Yeah as long as you don't cancel more than one out of every 25 trips.


----------



## drive4points (Nov 1, 2018)

99% of rides dont cover costs they want you to accept 96% of them, give you a 6% "bonus"(after cutting pay 60+% last 3years & 5% just last week lmao) so you can still fail like 96% of drivers

I took 3 rides today for $120+, cancelled 4, ignored 20+ guess Im out

think ill just stick to my pretext & normal screening

this is what pure evil looks like folks.


----------



## just_me (Feb 20, 2017)

Zap said:


> Looking deeper shows the strings attached to some of those perks. Looks like the Uber gas card is making a come-back.
> 
> View attachment 270893


Definitely look closer. The airport benefit works only after you dropped someone off. Still a good benefit.

I would also think that a pro reward would move you into a better spot within the algorithm. Thus more rides.


----------



## Uber's Guber (Oct 22, 2017)

Wickedcool said:


> You're all missing the best benefit of the new system... The top two tiers can see ride length and rider destination!

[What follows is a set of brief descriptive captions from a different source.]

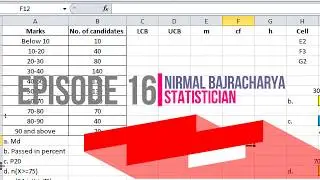 Application of measures of central tendency using excel || Ep-16 || Ft.Nirmal Bajracharya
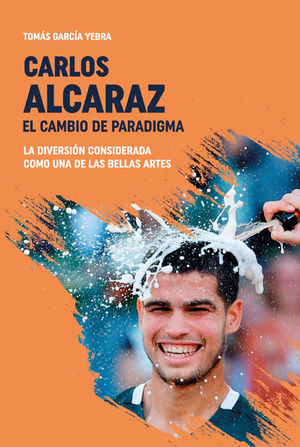 CARLOS ALCARAZ (EL CAMBIO DE PARADIGMA)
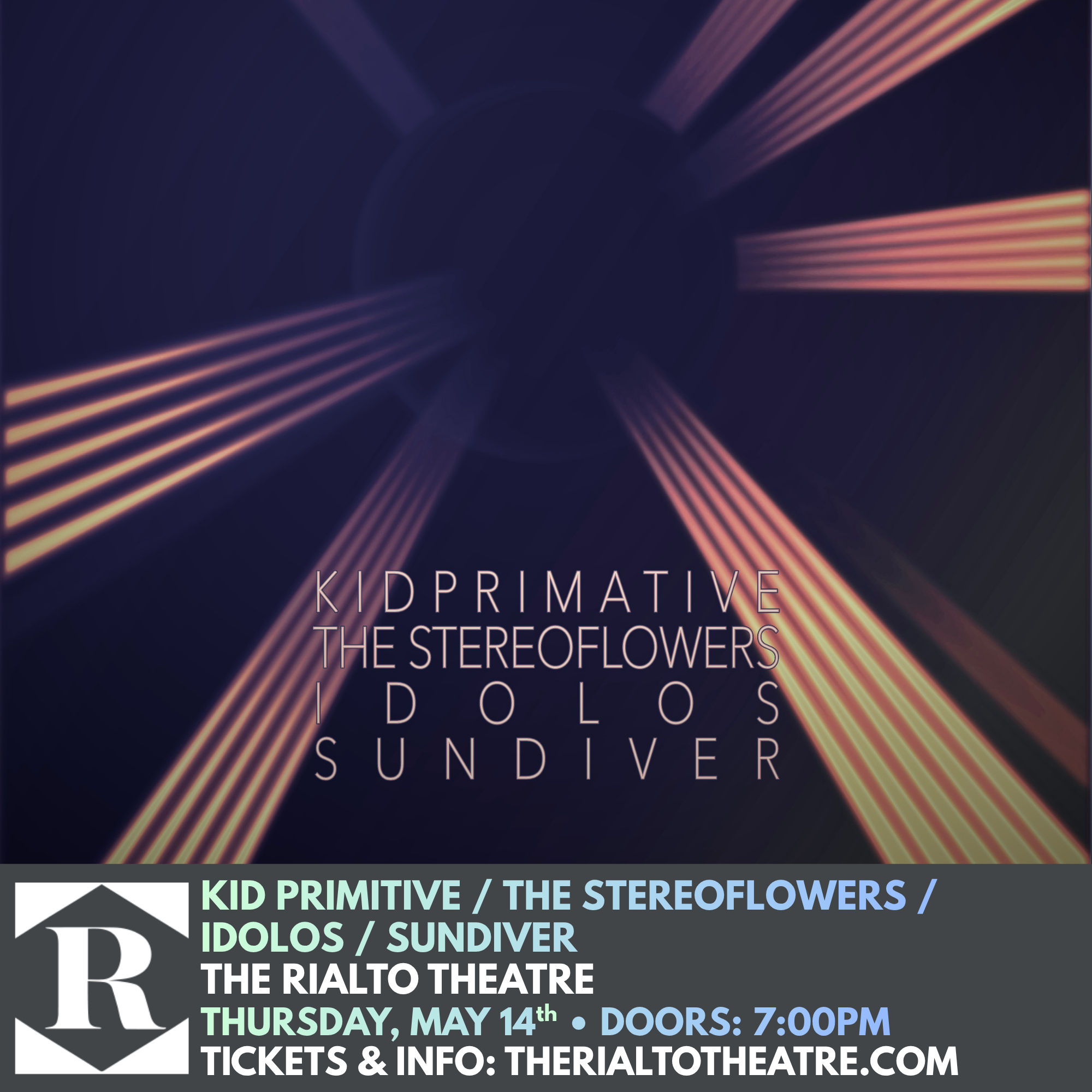 IDOLOS / SUNDIVER / The Stereoflowers / Kid Primitive - 05/14/2026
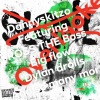 Dannyskitzo、Big Flow - Danny and big flow collab (feat. Big flow)(Explicit)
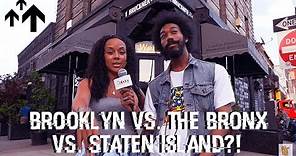 The Bronx VS Brooklyn VS Staten Island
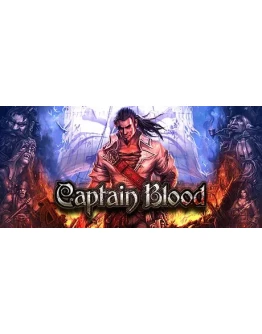 Captain Blood - STEAM GIFT РОССИЯ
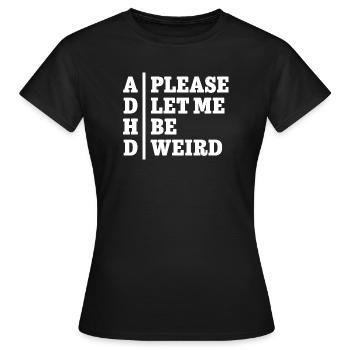 TDAH, s’il vous plaît, laissez-moi être bizarre - Statement Design - T-shirt Femme - noir - Devant - AI Model Female 172 dark (172cm)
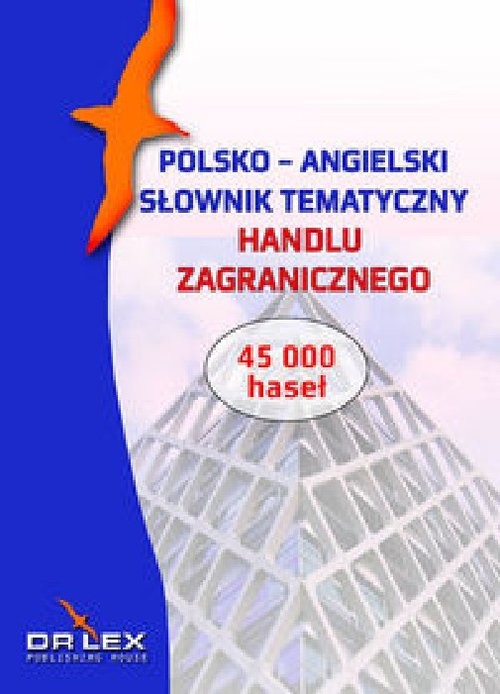 okładka Polsko-angielski słownik tematyczny handlu zagranicznego/ Angielsko-Polski Słownik Skrótów Biznesu M książka | Piotr Kapusta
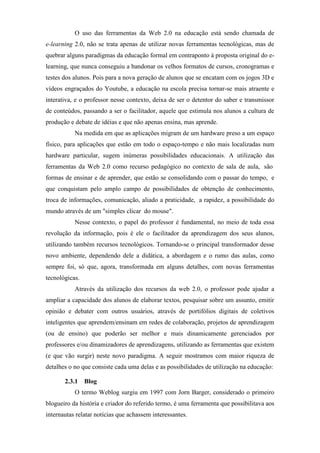 O uso das ferramentas da Web 2.0 na educação está sendo chamada de
e-learning 2.0, não se trata apenas de utilizar novas ferramentas tecnológicas, mas de
quebrar alguns paradigmas da educação formal em contraponto à proposta original do e-
learning, que nunca conseguiu a bandonar os velhos formatos de cursos, cronogramas e
testes dos alunos. Pois para a nova geração de alunos que se encatam com os jogos 3D e
vídeos engraçados do Youtube, a educação na escola precisa tornar-se mais atraente e
interativa, e o professor nesse contexto, deixa de ser o detentor do saber e transmissor
de conteúdos, passando a ser o facilitador, aquele que estimula nos alunos a cultura de
produção e debate de idéias e que não apenas ensina, mas aprende.
           Na medida em que as aplicações migram de um hardware preso a um espaço
físico, para aplicações que estão em todo o espaço-tempo e não mais localizadas num
hardware particular, sugem inúmeras possibilidades educacionais. A utilização das
ferramentas da Web 2.0 como recurso pedagógico no contexto de sala de aula, são
formas de ensinar e de aprender, que estão se consolidando com o passar do tempo, e
que conquistam pelo amplo campo de possibilidades de obtenção de conhecimento,
troca de informações, comunicação, aliado a praticidade, a rapidez, a possibilidade do
mundo através de um "simples clicar do mouse".
           Nesse contexto, o papel do professor é fundamental, no meio de toda essa
revolução da informação, pois é ele o facilitador da aprendizagem dos seus alunos,
utilizando também recursos tecnológicos. Tornando-se o principal transformador desse
novo ambiente, dependendo dele a didática, a abordagem e o rumo das aulas, como
sempre foi, só que, agora, transformada em alguns detalhes, com novas ferramentas
tecnológicas.
           Através da utilização dos recursos da web 2.0, o professor pode ajudar a
ampliar a capacidade dos alunos de elaborar textos, pesquisar sobre um assunto, emitir
opinião e debater com outros usuários, através de portifólios digitais de coletivos
inteligentes que aprendem/ensinam em redes de colaboração, projetos de aprendizagem
(ou de ensino) que poderão ser melhor e mais dinamicamente gerenciados por
professores e/ou dinamizadores de aprendizagens, utilizando as ferramentas que existem
(e que vão surgir) neste novo paradigma. A seguir mostramos com maior riqueza de
detalhes o no que consiste cada uma delas e as possibilidades de utilização na educação:

       2.3.1 Blog
           O termo Weblog surgiu em 1997 com Jorn Barger, considerado o primeiro
blogueiro da história e criador do referido termo, é uma ferramenta que possibilitava aos
internautas relatar notícias que achassem interessantes.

This info is useful when you want to cherry-pick, but not accepting the ride destroys your acceptance rate, thus voiding your reward status.


----------



## drive4points (Nov 1, 2018)

Wickedcool said:


> You're all missing the best benefit of the new system... The top two tiers can see ride length and rider destination!


stay busy driving for free, earn 6% more on trips that you still lose $1-6 on

uber on
worst


----------



## RDWRER (May 24, 2018)

EdOz said:


> I have a middle ground acceptance rate and a very low cancellation rate. This is not hard to do folks. I will gladly take this as a step forward and keep pushing for more. Do note it's not ACCEPTANCE rate. You shouldn't have a high cancellation rate.


But this works against us. We're already not ACCEPTING the bad requests so we're taking fewer requests overall. I only drive around 10 to 20 rides every time I go out and I always cancel AT LEAST one for no show. That's already a 5% cancellation rate.

How on earth am I supposed to qualify for this when you have pax doing things like calling both an Uber and a Lyft, taking the one that comes first and then forgetting to cancel the other!? This actually happened to me yesterday as a pax in my car looked at his phone halfway during the ride and the remarked that he forgot to cancel Lyft and had been getting a bunch of text messages from the eager driver.


----------



## EdOz (Sep 6, 2018)

Uber's Guber said:


> This info is useful when you want to cherry-pick, but not accepting the ride destroys your acceptance rate, thus voiding your reward status.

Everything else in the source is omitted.